Até eu mesmo fazer parte de estatísticas desfavoráveis, não conseguia nem imaginar a situação insuportável de mulheres como eu. Ginecologia punitiva, falta de assistência psicológica, destinos quebrados, divórcios, depressão - e uma sociedade que finge que tal problema não existe. Eu queria pelo menos tentar soltar este sistema. Ela está podre, você empurra, mas e se a verdade realmente entrar em colapso? Portanto, eu escrevi "Olhe para ele".

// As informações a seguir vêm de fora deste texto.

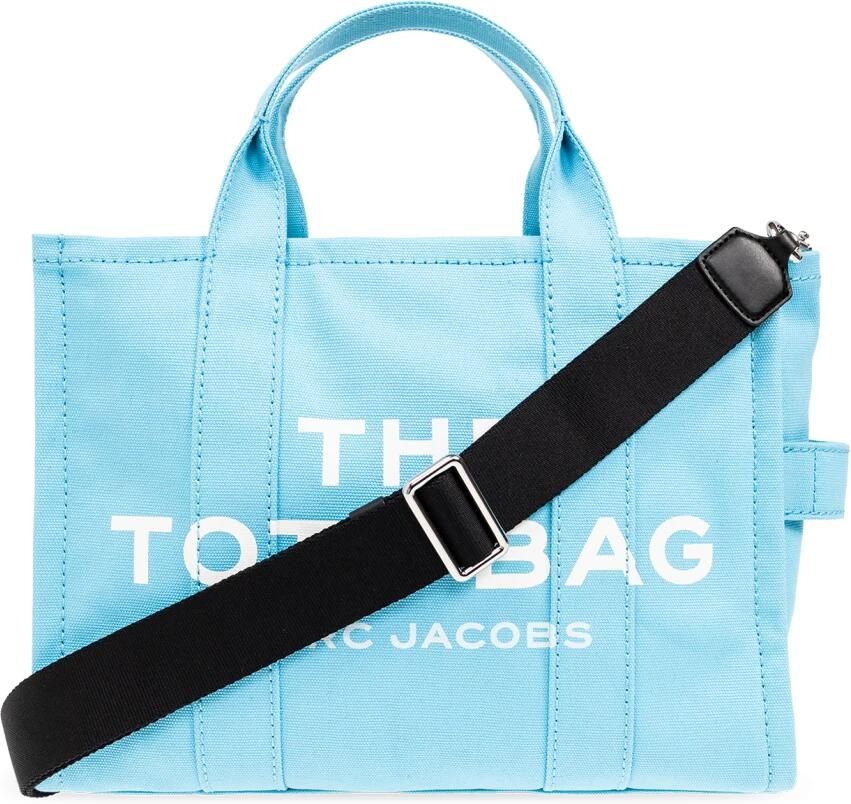 Marc Jacobs Canvas Tote Bag The Medium Style Blue Dames
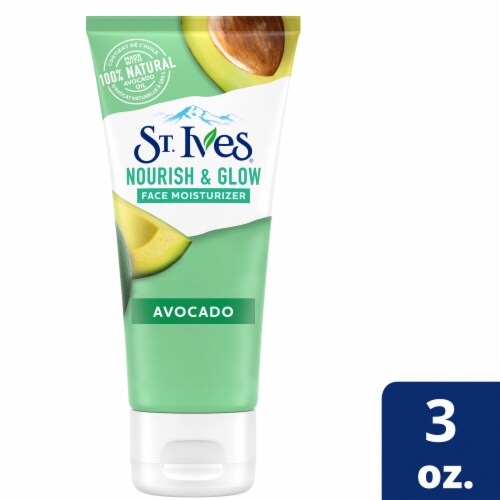 St Ives Face Moisturizer Avocado Nourish + Glow 3oz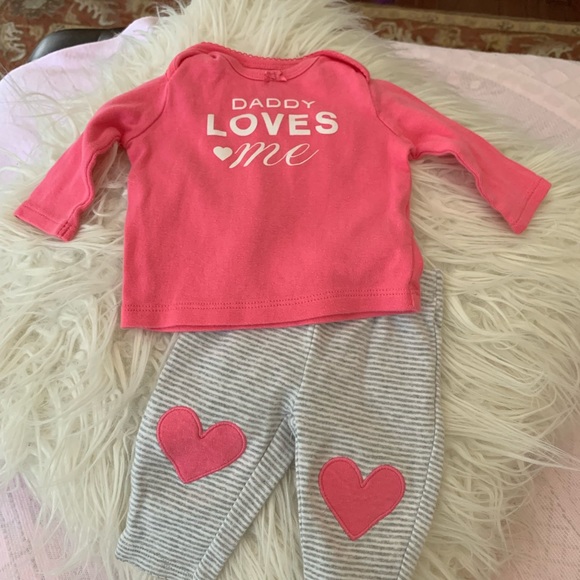 Carters Daddy Loves Me Set - Picture 6 of 6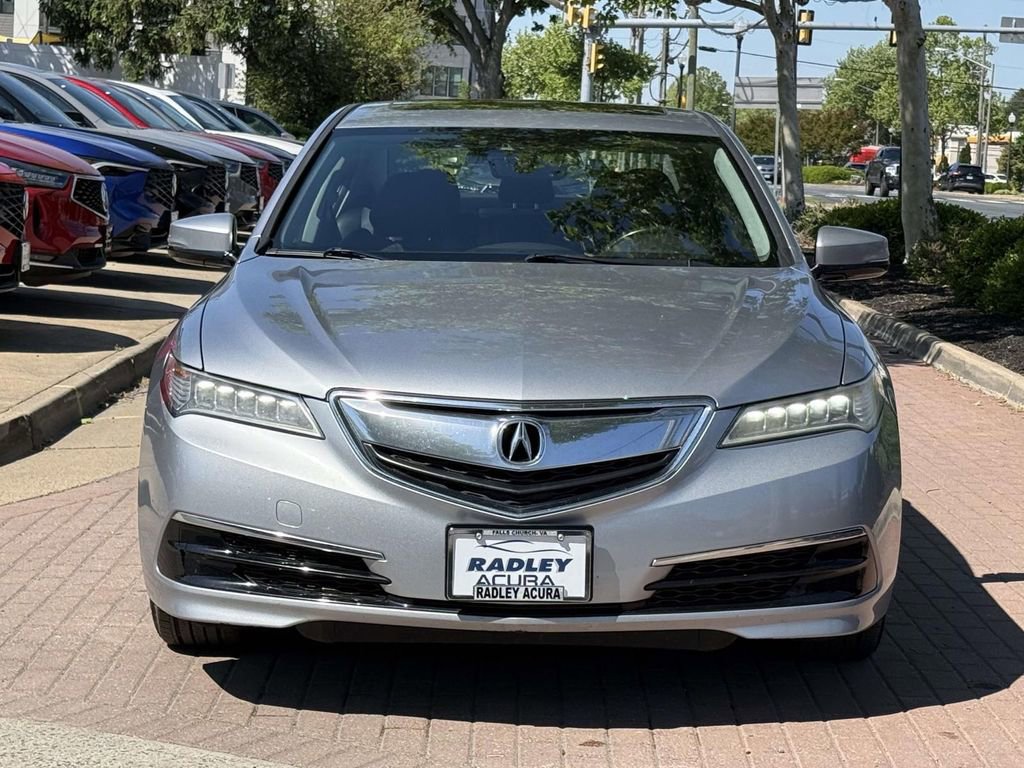 Used 2017 Acura TLX w/ Technology Package FWD image 2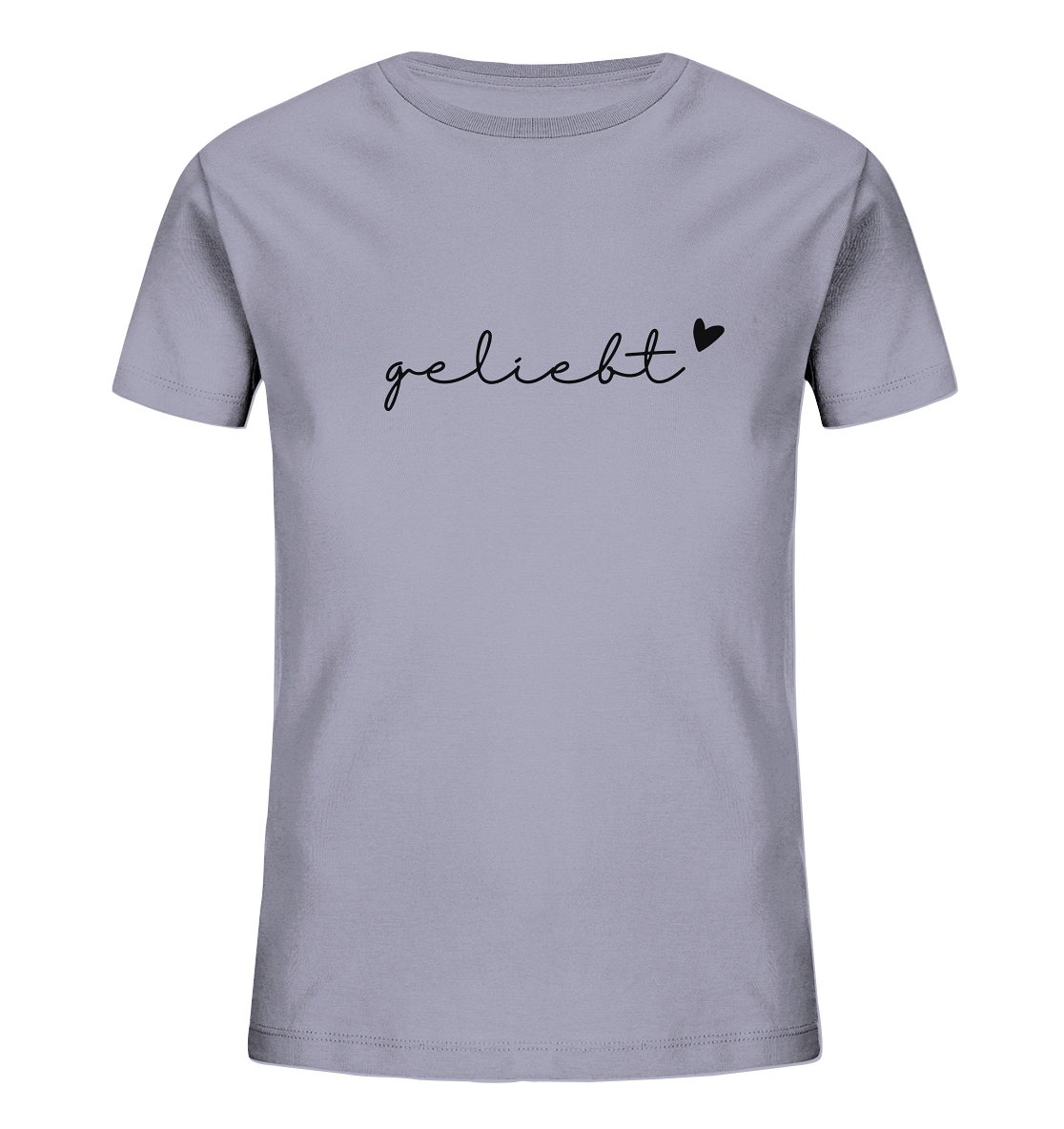 geliebt - Kids Organic Shirt - wertvoll und geliebt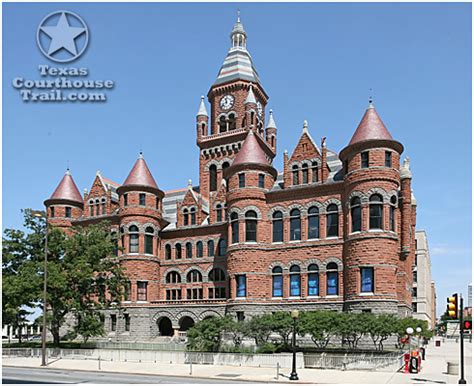 Dallas County Courthouse - Dallas, Texas - Photograph Page 3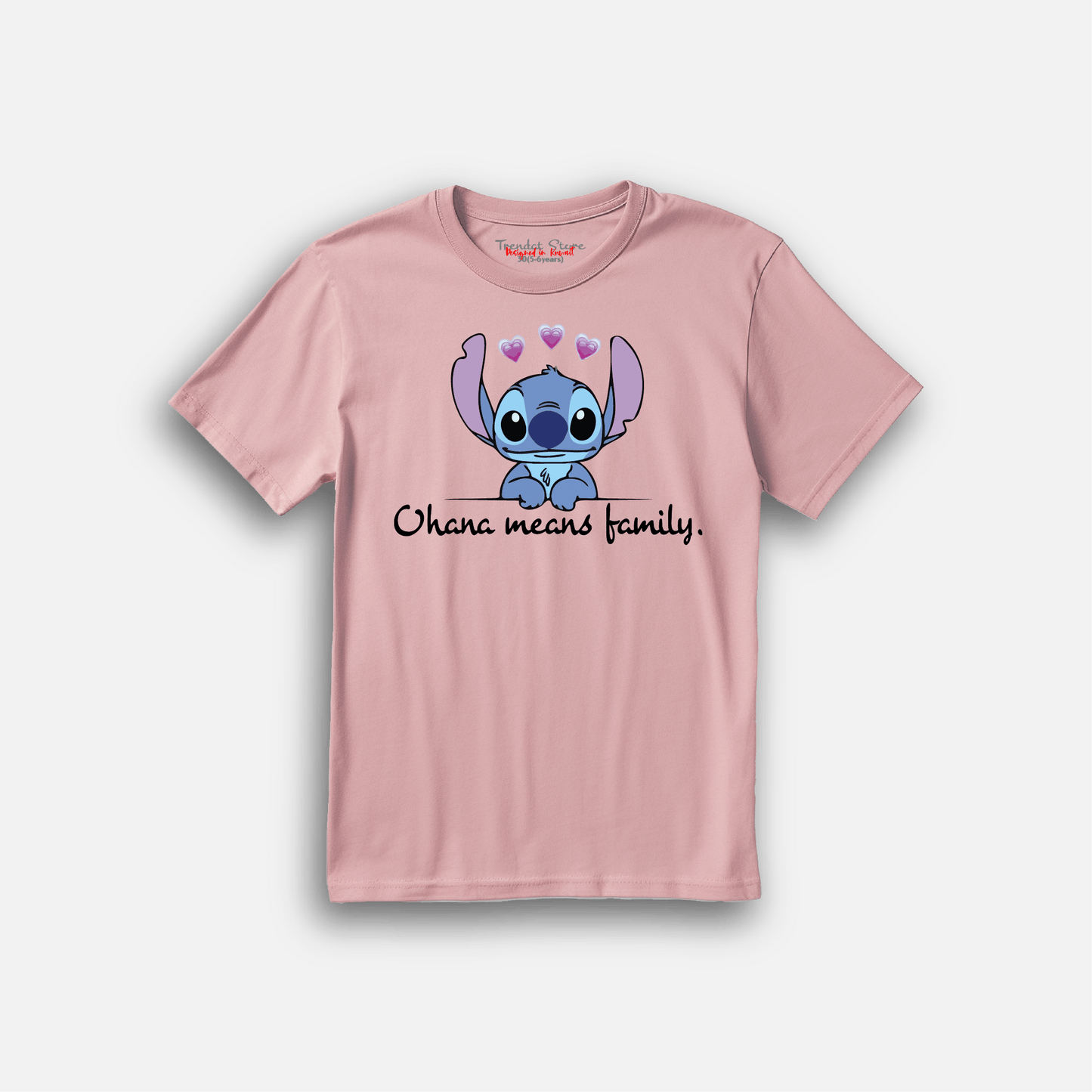 Stitch design T-Shirt 4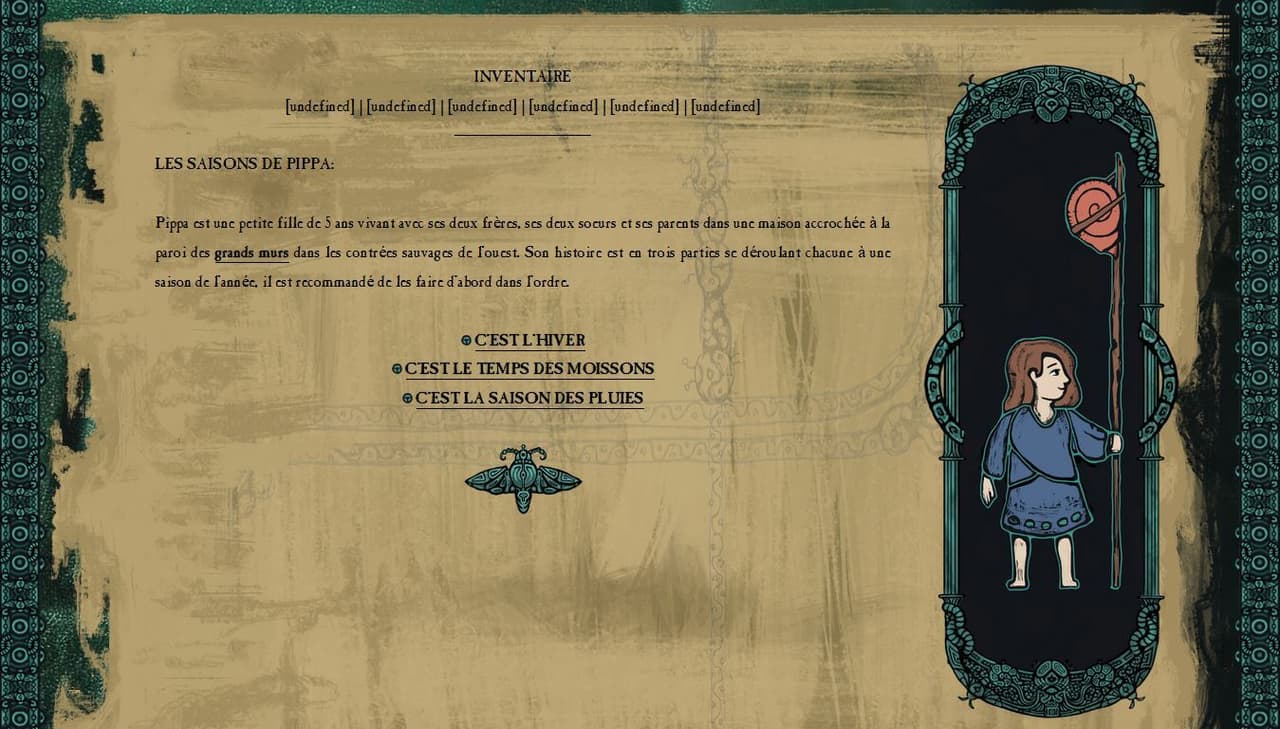 [FR]Les saisons de Pippa screenshot 2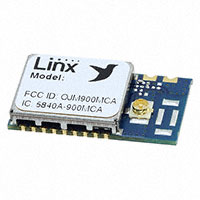 Linx Technologies Inc. - HUM-900-PRO-CAS - RF TXRX MODULE ISM<1GHZ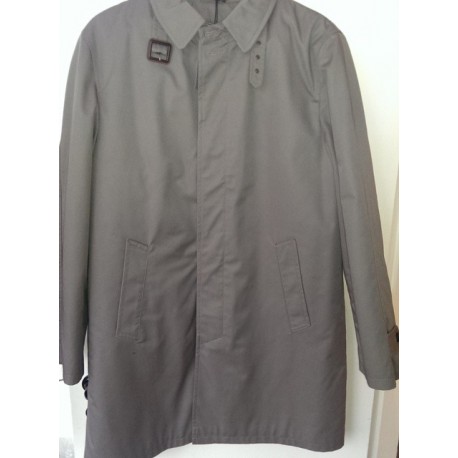 Carcoat cottoncoat med aftageligt inderfoer fra Canson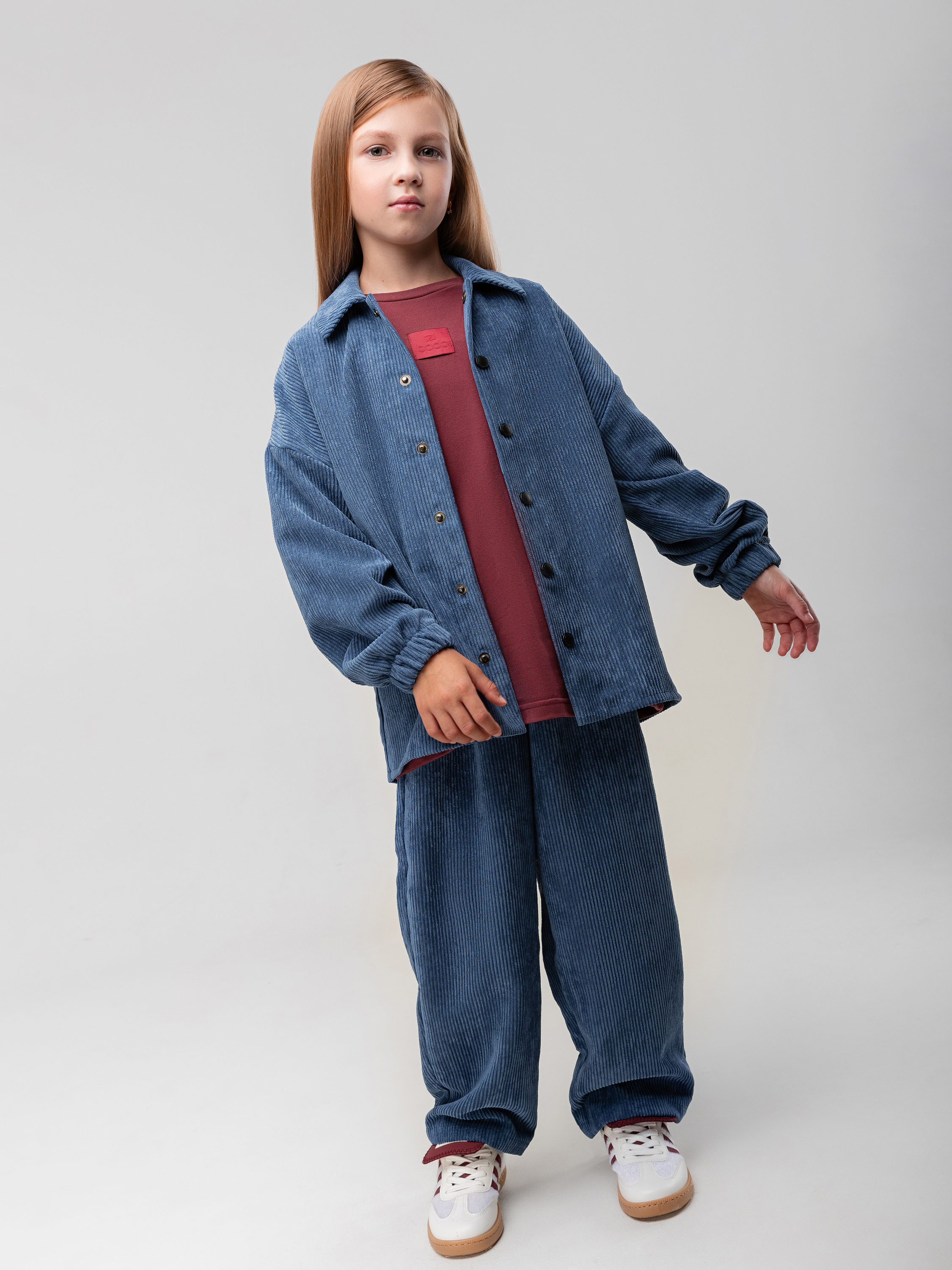 Костюм Bodo 11-565MU_индиго - фото 4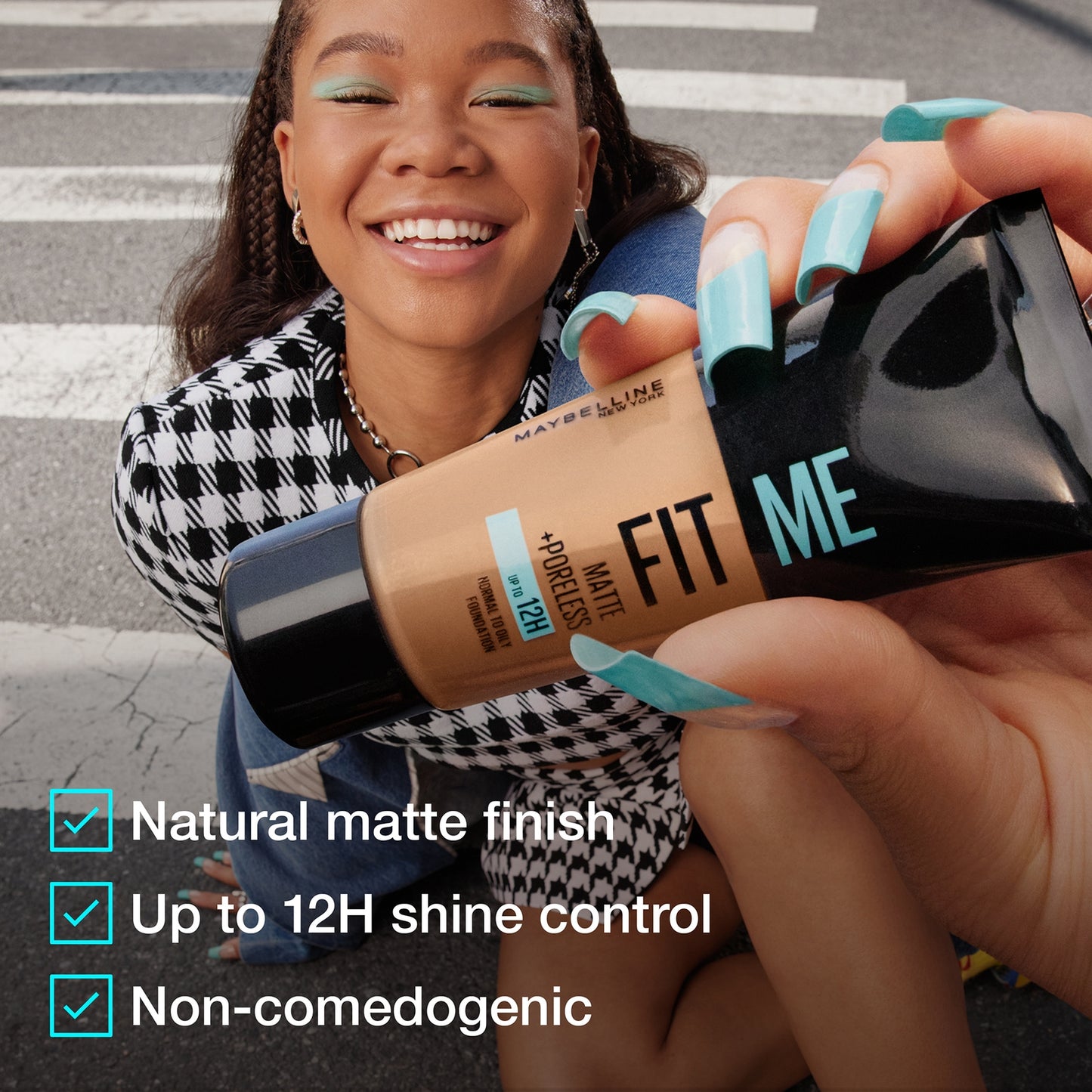 Maybelline Fit Me Matte + Poreless Foundation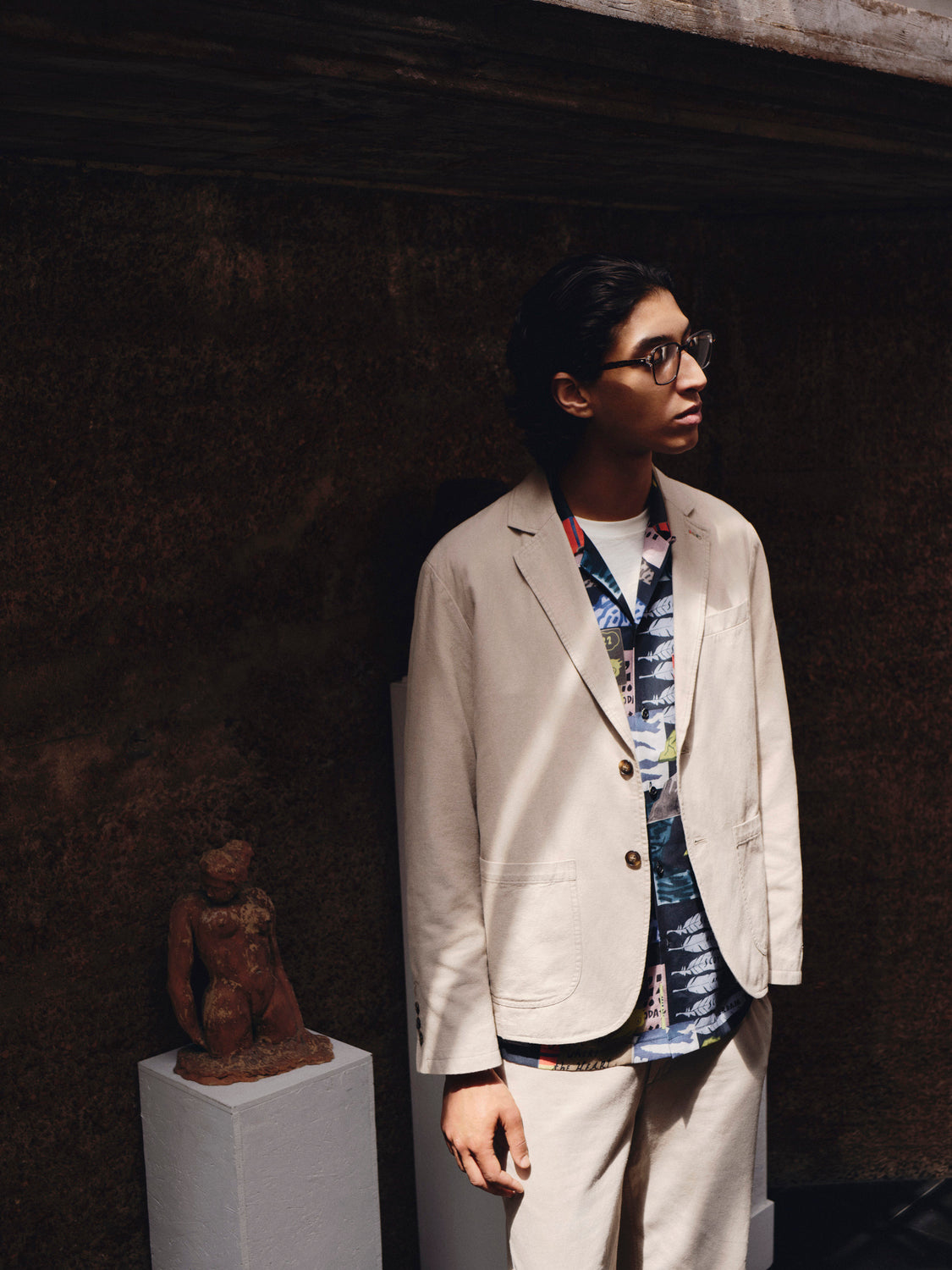 Relaxed fit blazer - Scotch & Soda AU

Jamais esquecerei a criança que perdi, não quero esquecê-lo e sou grato a ele. Se não fosse por ele, eu, talvez, nunca teria entendido como uma pessoa corajosa e corajosa que escolhi como companheiros da vida: agora sei que há uma pessoa ao meu lado que nunca trairá. Eu tenho uma filha mais velha e, dois anos depois daquela gravidez abortada, dei à luz um filho. Mas se eu não tivesse perdido aquele filho que deveria ter nascido entre eles, eu poderia nunca ter entendido que na vida não há praticamente nenhuma razão para sentir raiva de meus filhos, gritar com eles ou puni-los. Parece-nos que temos o direito de fazer isso por padrão: somos pais, somos responsáveis, estamos cansados, somos distraídos, não somos obedecidos, é difícil para nós. Mas a vida é uma coisa tão frágil. Incluindo a vida de nossos entes queridos. Eu preferiria cuidar e mimar meus filhos. Há muitos outros dispostos a "puni-los".